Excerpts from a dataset
------------------------------------------------

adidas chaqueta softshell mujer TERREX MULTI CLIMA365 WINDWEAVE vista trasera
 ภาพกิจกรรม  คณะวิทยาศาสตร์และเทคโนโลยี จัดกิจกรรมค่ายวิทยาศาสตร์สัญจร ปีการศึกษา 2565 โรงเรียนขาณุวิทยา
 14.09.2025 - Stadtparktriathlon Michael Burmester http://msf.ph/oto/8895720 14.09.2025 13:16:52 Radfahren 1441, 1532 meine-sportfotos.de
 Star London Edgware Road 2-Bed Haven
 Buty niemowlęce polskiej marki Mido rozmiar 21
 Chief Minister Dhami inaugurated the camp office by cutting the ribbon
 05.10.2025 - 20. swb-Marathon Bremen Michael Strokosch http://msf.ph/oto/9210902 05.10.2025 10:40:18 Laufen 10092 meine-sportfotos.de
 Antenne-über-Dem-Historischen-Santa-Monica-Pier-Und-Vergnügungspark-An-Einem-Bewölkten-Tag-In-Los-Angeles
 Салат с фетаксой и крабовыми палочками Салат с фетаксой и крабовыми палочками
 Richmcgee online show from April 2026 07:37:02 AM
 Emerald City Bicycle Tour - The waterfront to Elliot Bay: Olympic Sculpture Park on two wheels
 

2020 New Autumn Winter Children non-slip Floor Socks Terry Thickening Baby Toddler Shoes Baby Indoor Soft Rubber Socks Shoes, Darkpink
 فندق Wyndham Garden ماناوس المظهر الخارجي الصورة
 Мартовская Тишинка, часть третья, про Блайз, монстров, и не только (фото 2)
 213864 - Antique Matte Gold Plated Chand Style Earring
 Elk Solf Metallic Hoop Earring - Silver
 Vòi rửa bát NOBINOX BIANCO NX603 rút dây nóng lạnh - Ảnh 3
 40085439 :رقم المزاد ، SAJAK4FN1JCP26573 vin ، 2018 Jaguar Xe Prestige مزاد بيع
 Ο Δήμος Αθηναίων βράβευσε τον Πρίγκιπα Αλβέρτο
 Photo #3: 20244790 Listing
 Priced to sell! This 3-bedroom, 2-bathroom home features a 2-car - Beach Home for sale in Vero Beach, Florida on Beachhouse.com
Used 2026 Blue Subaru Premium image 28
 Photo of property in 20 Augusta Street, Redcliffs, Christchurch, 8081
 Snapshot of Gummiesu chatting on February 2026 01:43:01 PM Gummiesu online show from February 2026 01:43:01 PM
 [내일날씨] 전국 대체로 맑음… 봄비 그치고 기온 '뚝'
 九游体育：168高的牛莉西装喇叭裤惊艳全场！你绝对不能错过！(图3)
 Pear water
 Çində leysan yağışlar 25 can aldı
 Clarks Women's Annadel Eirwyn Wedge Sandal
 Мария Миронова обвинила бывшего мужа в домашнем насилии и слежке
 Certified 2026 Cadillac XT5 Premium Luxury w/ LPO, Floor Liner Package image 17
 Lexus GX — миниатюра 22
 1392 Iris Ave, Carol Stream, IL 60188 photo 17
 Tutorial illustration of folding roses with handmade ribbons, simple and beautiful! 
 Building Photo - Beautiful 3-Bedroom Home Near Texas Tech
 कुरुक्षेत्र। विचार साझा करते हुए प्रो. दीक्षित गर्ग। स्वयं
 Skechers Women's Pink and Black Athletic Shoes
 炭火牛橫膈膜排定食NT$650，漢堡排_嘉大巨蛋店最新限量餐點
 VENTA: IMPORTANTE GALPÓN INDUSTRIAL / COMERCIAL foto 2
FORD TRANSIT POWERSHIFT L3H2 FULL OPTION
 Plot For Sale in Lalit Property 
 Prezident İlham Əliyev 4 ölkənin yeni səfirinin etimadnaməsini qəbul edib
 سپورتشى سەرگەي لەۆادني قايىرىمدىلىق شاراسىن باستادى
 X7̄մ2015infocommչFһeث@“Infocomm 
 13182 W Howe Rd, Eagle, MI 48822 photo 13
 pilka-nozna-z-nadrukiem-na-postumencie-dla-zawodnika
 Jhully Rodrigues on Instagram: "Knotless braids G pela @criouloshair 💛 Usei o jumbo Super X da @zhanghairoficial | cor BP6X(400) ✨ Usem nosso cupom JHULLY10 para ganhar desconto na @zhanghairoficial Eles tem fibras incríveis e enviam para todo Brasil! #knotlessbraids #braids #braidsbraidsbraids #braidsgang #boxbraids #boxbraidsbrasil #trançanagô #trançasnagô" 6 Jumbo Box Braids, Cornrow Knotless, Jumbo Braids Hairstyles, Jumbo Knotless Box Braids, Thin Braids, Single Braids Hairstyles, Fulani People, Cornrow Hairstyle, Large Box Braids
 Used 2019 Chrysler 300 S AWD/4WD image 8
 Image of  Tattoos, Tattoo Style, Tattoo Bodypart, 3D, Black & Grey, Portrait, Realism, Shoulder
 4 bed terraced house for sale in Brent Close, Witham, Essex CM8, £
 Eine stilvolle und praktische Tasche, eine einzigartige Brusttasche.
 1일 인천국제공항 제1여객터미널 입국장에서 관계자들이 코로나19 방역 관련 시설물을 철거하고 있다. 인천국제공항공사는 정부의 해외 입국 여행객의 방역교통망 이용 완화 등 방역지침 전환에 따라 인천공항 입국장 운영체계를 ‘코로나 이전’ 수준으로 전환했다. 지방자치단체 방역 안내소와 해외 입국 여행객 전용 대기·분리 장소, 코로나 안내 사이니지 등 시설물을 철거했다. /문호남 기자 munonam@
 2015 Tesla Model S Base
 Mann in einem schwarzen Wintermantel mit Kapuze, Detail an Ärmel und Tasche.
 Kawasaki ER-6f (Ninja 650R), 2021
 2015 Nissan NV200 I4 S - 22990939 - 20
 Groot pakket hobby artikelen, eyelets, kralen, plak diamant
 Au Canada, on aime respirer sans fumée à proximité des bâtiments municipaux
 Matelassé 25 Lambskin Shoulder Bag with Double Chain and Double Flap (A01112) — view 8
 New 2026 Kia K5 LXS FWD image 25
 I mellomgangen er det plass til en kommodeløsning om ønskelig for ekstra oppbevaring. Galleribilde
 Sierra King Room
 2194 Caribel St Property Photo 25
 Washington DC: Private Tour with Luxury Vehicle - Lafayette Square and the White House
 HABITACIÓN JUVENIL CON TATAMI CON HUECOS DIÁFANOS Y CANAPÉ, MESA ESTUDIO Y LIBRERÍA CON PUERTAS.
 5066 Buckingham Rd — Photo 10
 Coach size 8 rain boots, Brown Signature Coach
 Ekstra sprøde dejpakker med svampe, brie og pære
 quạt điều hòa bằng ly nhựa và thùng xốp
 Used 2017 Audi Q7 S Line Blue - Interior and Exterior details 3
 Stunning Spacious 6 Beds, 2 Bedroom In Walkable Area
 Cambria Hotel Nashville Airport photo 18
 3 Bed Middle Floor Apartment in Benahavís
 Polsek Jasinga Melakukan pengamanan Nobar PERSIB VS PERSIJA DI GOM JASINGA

------------------------------------------------

**To do**. All lines above from the one containing "1392 Iris Ave, Carol" to the one containing "Used 2019 Chrysler 300 S AWD/4WD image 8" must be repeated exactly, both lines included, and no others.

**Response to the task**.
 1392 Iris Ave, Carol Stream, IL 60188 photo 17
 Tutorial illustration of folding roses with handmade ribbons, simple and beautiful! 
 Building Photo - Beautiful 3-Bedroom Home Near Texas Tech
 कुरुक्षेत्र। विचार साझा करते हुए प्रो. दीक्षित गर्ग। स्वयं
 Skechers Women's Pink and Black Athletic Shoes
 炭火牛橫膈膜排定食NT$650，漢堡排_嘉大巨蛋店最新限量餐點
 VENTA: IMPORTANTE GALPÓN INDUSTRIAL / COMERCIAL foto 2
FORD TRANSIT POWERSHIFT L3H2 FULL OPTION
 Plot For Sale in Lalit Property 
 Prezident İlham Əliyev 4 ölkənin yeni səfirinin etimadnaməsini qəbul edib
 سپورتشى سەرگەي لەۆادني قايىرىمدىلىق شاراسىن باستادى
 X7̄մ2015infocommչFһeث@“Infocomm 
 13182 W Howe Rd, Eagle, MI 48822 photo 13
 pilka-nozna-z-nadrukiem-na-postumencie-dla-zawodnika
 Jhully Rodrigues on Instagram: "Knotless braids G pela @criouloshair 💛 Usei o jumbo Super X da @zhanghairoficial | cor BP6X(400) ✨ Usem nosso cupom JHULLY10 para ganhar desconto na @zhanghairoficial Eles tem fibras incríveis e enviam para todo Brasil! #knotlessbraids #braids #braidsbraidsbraids #braidsgang #boxbraids #boxbraidsbrasil #trançanagô #trançasnagô" 6 Jumbo Box Braids, Cornrow Knotless, Jumbo Braids Hairstyles, Jumbo Knotless Box Braids, Thin Braids, Single Braids Hairstyles, Fulani People, Cornrow Hairstyle, Large Box Braids
 Used 2019 Chrysler 300 S AWD/4WD image 8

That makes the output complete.